Así como recordamos la trilogía de valores de nuestros ancestros precolombinos: ama sua (no robarás), ama llulla (no mentirás) y ama quella (no serás ocioso), bien haríamos en acuñar y añadir uno cuarto: ‘ama abusakuychu’, no abusarás.
Y viene a cuento porque varios congresistas abusiva y deshonestamente pretenden acogerse a la Ley 31751 sobre el plazo de suspensión de la prescripción penal por ellos aprobada en mayo pasado.
Entonces, tanto el Poder Judicial como el Ministerio Público, instituciones tutelares de la administración de justicia, manifestaron serias y oportunas–allí sí trabajaron to de “pendelex”. Imagino que anticipaban que afectaría gravosamente su autoridad, su mandato y, especialmente, el combate al crimen.
La prescripción de una pena comporta la extinción de toda responsabilidad penal tras un tiempo determinado. Después, ni el delito ni el delincuente pueden ser alcanzados por la ley. Salvo crímenes de lesa humanidad y otros gravísimos crímenes, concuerdo en que no resulta razonable perseguir el delito ‘ad infinitum’. Abundo, esta figura existe en todos lados y es parte del derecho comparado.
Pero, de allí a lo legislado, hay un abismo considerable respecto de nuestra realidad. Se redujo drástica y benévolamente el plazo de suspensión de la prescripción penal a un año; ergo, ilícitos tan graves como peculado doloso, malversación de fondos y falsedad ideológica pueden prescribir en un abrir y cerrar de ojos. Ya “fueron”, como dicen los nativos digitales.
No siendo abogado, me zambullo tranquilo en estos menesteres por cuanto mi crítica no comete herejía académica. Levanto mi voz contra el abuso pendenciero. Mi señalamiento proviene de tres fuentes nada doctrinarias: la indignación, la impotencia y el sentido común.
Causa profunda indignación que bastó que un compacto grupete de congresistas necesitados de machetazos legalistas obtuviera los votos para favorecerse –allí sí trabajaron– sin sudar gota alguna de su tinte capilar.

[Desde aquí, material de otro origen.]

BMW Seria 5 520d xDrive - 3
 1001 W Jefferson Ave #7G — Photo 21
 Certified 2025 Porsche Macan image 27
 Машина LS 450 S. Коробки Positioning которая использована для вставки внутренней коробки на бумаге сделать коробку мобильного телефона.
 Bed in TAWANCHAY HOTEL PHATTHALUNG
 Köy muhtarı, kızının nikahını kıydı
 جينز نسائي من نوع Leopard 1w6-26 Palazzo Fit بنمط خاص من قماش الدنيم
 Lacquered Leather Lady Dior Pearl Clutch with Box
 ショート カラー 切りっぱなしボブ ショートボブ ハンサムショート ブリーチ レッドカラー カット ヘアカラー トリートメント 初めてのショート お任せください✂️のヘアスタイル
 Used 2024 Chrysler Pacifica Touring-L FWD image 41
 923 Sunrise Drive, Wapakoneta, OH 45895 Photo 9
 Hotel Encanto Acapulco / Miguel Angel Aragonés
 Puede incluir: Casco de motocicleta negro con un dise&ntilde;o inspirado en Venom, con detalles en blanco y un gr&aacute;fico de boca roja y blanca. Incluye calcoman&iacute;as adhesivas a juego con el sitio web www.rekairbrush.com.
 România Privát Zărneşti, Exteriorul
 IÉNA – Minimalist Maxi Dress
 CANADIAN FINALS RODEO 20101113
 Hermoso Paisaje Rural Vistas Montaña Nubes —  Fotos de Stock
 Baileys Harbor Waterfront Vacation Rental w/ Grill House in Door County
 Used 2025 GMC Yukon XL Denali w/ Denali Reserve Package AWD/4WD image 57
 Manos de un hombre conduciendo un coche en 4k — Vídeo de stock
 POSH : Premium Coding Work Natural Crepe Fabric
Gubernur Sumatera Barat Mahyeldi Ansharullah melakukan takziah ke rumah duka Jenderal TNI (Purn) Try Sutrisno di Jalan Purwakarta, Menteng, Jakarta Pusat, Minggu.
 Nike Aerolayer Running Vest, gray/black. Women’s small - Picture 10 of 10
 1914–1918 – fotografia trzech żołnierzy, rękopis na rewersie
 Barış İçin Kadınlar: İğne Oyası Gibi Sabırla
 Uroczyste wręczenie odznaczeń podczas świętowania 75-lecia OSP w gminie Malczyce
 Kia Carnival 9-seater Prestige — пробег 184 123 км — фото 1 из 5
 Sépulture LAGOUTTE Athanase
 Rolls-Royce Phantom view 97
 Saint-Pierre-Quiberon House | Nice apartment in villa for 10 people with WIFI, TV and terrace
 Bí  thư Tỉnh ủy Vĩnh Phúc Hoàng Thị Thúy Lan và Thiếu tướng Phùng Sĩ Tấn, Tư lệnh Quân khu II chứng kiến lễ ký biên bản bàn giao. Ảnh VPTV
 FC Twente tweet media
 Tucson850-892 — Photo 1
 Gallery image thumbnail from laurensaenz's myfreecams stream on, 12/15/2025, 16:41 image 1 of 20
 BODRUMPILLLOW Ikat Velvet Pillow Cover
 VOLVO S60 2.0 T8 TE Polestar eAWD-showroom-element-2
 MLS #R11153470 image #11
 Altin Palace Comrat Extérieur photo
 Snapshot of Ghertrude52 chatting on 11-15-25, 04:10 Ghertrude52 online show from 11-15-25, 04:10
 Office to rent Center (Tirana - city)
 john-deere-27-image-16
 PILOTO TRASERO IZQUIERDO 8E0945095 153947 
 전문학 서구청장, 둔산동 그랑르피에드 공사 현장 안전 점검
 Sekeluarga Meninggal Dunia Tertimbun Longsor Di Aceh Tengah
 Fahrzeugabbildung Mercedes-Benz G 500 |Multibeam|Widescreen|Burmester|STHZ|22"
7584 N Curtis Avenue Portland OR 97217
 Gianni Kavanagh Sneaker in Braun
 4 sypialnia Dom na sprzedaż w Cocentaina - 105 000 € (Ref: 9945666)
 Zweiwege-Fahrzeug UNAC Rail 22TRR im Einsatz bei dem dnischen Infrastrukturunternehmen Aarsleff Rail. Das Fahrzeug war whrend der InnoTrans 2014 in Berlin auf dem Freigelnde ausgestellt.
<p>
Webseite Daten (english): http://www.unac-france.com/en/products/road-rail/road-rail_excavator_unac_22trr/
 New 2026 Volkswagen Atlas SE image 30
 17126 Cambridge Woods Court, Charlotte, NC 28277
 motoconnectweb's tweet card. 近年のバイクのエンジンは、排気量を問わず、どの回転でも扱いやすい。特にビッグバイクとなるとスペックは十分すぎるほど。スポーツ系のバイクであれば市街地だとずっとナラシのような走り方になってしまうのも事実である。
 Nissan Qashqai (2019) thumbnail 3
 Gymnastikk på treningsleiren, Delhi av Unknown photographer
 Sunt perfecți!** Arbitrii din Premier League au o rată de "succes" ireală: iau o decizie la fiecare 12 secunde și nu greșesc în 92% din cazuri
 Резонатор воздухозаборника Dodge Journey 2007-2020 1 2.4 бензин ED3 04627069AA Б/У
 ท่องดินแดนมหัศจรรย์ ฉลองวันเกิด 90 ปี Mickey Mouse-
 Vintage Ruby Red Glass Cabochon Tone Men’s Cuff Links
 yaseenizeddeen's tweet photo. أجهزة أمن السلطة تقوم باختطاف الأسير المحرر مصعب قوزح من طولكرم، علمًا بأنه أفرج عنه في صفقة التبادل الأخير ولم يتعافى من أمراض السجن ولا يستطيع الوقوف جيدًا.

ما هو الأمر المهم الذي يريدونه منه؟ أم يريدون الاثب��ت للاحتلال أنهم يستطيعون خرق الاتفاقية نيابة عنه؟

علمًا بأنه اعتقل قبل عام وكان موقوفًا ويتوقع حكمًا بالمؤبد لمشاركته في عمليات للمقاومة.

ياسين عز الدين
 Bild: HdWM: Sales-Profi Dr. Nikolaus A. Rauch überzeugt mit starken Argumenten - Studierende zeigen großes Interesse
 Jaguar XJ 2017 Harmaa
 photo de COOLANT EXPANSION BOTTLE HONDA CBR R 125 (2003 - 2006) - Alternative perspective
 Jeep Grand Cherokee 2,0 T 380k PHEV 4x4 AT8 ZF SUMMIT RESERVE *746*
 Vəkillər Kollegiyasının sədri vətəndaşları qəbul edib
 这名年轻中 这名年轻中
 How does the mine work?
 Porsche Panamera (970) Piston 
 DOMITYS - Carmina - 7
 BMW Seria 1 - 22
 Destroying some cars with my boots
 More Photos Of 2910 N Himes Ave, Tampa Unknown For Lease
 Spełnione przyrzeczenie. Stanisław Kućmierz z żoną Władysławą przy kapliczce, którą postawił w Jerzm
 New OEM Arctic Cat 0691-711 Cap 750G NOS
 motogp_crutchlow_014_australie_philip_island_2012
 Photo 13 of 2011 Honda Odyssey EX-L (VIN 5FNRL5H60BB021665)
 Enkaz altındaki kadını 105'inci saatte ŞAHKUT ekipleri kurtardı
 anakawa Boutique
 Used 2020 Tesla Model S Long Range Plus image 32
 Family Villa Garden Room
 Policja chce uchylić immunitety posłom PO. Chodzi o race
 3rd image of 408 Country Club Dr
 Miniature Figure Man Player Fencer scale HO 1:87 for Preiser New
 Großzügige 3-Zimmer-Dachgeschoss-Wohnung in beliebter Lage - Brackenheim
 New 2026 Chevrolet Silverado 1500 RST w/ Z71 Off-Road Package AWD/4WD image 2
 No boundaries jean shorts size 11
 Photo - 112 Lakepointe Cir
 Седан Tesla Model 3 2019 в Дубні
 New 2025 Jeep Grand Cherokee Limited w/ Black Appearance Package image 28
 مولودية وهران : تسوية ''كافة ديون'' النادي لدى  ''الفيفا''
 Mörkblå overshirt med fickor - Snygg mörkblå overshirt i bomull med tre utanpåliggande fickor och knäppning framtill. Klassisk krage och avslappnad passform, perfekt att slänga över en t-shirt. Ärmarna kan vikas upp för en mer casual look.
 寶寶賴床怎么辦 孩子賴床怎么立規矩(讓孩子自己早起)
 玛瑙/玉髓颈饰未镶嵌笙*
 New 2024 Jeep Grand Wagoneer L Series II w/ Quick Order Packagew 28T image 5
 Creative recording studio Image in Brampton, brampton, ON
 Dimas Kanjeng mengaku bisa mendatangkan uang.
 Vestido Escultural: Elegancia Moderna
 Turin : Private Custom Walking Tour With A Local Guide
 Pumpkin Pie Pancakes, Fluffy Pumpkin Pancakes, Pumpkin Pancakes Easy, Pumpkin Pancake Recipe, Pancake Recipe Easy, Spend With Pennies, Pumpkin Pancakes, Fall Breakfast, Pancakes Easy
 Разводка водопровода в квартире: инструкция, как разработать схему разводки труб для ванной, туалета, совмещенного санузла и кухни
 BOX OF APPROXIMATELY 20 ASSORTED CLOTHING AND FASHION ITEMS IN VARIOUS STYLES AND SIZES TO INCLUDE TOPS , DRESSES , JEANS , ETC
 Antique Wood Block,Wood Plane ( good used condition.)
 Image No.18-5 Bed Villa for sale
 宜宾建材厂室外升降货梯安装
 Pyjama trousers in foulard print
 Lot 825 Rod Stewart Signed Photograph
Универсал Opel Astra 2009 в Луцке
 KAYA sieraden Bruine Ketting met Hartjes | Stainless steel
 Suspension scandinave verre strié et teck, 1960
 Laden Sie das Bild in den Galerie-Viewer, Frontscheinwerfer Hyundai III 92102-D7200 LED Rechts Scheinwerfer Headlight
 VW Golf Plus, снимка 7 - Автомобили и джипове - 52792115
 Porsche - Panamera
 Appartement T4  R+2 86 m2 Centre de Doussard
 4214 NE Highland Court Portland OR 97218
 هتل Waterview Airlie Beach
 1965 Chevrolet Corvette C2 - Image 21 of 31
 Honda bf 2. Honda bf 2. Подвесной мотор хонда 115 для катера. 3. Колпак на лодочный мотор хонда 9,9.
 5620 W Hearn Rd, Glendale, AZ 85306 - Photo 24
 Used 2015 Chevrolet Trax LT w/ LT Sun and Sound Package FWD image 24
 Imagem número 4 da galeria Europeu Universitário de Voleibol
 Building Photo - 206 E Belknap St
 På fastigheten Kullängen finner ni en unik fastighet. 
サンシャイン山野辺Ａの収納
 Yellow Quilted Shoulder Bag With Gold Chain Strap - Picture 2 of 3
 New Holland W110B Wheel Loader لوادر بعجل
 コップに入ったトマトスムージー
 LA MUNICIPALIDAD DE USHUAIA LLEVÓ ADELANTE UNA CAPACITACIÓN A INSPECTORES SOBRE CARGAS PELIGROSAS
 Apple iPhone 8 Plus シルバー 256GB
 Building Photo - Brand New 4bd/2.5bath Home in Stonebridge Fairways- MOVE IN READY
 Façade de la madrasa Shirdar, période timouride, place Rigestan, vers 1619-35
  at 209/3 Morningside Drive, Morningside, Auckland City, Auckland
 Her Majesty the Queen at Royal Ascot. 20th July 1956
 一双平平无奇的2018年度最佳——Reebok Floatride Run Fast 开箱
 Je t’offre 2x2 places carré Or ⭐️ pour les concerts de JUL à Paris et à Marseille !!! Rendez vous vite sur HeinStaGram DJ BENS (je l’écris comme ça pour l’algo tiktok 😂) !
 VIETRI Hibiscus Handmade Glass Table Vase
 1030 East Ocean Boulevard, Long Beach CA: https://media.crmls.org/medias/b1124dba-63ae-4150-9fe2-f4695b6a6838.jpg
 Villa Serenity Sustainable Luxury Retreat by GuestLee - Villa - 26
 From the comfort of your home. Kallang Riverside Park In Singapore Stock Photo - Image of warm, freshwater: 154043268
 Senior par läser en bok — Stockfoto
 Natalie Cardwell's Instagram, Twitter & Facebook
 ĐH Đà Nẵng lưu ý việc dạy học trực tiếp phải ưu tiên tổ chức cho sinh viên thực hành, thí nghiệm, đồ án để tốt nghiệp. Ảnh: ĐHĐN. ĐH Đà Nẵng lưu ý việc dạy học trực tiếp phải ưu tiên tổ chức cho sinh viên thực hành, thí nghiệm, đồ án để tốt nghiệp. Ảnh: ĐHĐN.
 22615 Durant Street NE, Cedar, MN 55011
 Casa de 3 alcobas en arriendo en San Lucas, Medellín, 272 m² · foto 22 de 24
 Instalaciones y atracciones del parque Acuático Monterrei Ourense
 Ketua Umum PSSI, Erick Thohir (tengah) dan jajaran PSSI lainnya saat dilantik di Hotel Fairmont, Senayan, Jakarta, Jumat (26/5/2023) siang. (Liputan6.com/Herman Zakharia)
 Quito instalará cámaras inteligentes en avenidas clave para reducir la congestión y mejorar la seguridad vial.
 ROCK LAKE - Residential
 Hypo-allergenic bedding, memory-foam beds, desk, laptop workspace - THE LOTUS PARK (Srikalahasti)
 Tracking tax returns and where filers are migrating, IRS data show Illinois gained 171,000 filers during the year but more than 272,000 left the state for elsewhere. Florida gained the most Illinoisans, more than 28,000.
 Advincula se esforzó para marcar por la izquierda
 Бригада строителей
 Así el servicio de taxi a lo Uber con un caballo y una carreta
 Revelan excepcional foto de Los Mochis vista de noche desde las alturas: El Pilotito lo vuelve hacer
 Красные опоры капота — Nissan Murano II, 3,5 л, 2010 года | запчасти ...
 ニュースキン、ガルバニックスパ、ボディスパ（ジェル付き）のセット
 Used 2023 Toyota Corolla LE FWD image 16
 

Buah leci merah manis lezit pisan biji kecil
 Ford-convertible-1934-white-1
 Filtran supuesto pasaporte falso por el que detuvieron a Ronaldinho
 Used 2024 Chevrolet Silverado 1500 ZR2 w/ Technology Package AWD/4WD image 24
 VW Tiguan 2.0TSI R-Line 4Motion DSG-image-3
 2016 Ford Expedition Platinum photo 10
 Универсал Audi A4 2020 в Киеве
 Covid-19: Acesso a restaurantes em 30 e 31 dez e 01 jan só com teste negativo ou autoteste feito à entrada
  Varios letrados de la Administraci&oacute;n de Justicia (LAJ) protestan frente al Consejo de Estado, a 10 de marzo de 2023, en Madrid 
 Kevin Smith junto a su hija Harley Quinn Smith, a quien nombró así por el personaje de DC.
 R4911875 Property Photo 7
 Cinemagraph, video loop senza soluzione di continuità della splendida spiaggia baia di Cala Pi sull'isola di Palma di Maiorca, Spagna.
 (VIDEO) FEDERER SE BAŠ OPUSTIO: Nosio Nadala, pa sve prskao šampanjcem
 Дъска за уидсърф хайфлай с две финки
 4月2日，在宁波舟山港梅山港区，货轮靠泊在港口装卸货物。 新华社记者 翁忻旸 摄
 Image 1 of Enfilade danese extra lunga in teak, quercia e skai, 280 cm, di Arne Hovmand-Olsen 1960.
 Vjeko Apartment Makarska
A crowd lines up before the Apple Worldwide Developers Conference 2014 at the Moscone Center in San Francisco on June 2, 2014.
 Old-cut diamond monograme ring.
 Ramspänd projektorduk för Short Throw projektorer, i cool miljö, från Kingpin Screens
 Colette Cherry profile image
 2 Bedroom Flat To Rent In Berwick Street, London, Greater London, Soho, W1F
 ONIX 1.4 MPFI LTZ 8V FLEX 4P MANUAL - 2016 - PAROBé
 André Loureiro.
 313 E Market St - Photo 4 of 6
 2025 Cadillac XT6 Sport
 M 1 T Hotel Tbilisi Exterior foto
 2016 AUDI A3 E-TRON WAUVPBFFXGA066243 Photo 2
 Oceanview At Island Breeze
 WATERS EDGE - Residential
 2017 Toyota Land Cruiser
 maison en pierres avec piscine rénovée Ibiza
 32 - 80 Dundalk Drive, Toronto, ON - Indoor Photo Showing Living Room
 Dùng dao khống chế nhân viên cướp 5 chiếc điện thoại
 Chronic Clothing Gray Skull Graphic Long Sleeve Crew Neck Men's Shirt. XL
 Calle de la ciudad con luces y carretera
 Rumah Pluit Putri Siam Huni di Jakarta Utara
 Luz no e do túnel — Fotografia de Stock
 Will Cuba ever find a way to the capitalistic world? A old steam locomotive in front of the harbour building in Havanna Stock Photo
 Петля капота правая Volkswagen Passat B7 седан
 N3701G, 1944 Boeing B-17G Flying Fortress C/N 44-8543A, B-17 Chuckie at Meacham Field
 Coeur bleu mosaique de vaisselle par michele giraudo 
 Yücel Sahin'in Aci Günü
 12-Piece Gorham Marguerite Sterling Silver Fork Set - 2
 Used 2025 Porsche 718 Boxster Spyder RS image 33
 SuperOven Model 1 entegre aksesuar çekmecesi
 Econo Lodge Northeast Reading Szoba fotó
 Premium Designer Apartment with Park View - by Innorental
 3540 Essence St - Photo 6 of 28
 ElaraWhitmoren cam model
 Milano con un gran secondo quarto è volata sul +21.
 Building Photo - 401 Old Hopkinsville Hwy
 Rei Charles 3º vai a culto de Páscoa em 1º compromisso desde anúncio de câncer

Claro, algún legislador puede decirme que su voto no lo beneficia. Bien, entonces le preguntaría respetuosamente: ¿en quién pensaba Vuestra Usía al obsequiarle mirra a su ‘frater’ otorongo? ¿O acaso desconocía que las propiedades curativas de la mirra liberarían de angustias respiratorias a algunos de sus colegas que temían verse durmiendo en un pulgoso colchón entre barrotes?
Causa enorme impotencia que algunos de los que entonces parieron esta hedionda ley sean quienes hoy pretendan acogerse a ella evadiendo rendir cuentas sobre previos y sendos portafolios de juicios, alegando su prescripción.
La impotencia se acrecienta conforme escucho tantas hipócritas impostaciones y desfachatados argumentos que suman más pólipos congresales a mi estómago político.
¿Y qué dice el sentido común? Que tan corto plazo –un año– le profiere un profundo daño a la lucha contra el delito y la corrupción, inundando de malolientes letrinas el país.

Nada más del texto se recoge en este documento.